Cankdeska Cikana Community College Participates in Advanced Manufacturing InitiativeDec 3rd, 2015 | By Melody Volk | Category: Online TC News, Tribal College News, Web Exclusive
Cankdeska Cikana Community College (CCCC) has received a $150,000 planning grant from the Department of Energy’s National Nuclear Security Administration (NNSA) through the American Indian Higher Education Consortium to participate in an advanced manufacturing network initiative. This initiative will establish a network of tribal colleges and universities (TCUs) that will develop and implement associated academic programs, including workforce training through private sector and federal agency partnerships.
The goal of the initiative is to create economic and employment opportunities between industry and tribal communities through the design, manufacturing, and marketing of high-quality products. The advanced manufacturing initiative will provide American Indian college students with technical skills and the opportunity to utilize those skills in their home communities.

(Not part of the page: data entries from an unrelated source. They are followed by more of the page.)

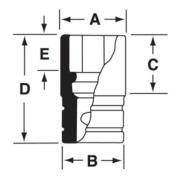 GTMD9 - Nasadka czerniona 1/4" 12-kątna, krótka, calowa, 9/32"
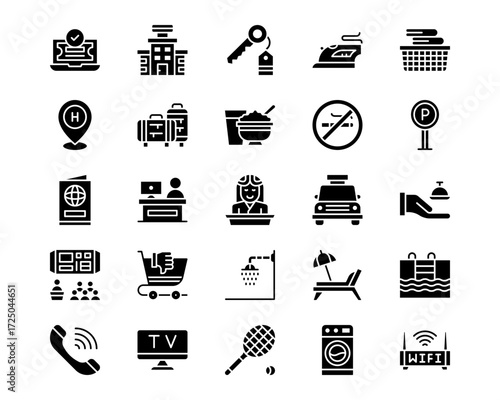Hotel Services Line Vector Icons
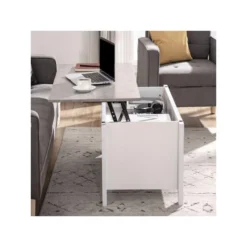 Table Basse Relevable ULYSSE Blanc Et Aspect Marbre -Pas Cher Mobiliora Magasin table basse 19186401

“The new alliance with the Department of Energy and the tribal college system is innovated development that will have a variety of potential applications,” states CCCC president Cynthia Lindquist. “Tribal college students need diverse paths that contribute to the vitality of our communities. We are collaborating with Sioux Manufacturing Corporation in Fort Totten as the program is designed and developed,” President Lindquist explains.
CCCC will begin the advanced manufacturing course series in January 2016 with a class entitled, Introduction to Advanced Manufacturing. The course will provide a survey of the major topics, technical skills requirements, and career opportunities in the manufacturing sector. Lab work will provide students an introduction to product design and production using 3D software and printers. “This experience will give CCCC students another cutting edge technical option to consider as they prepare themselves to take advantage of workforce opportunities in science, technology, engineering, or math disciplines,” says Karl Haefner, 3D Auto-Cad instructor at CCCC.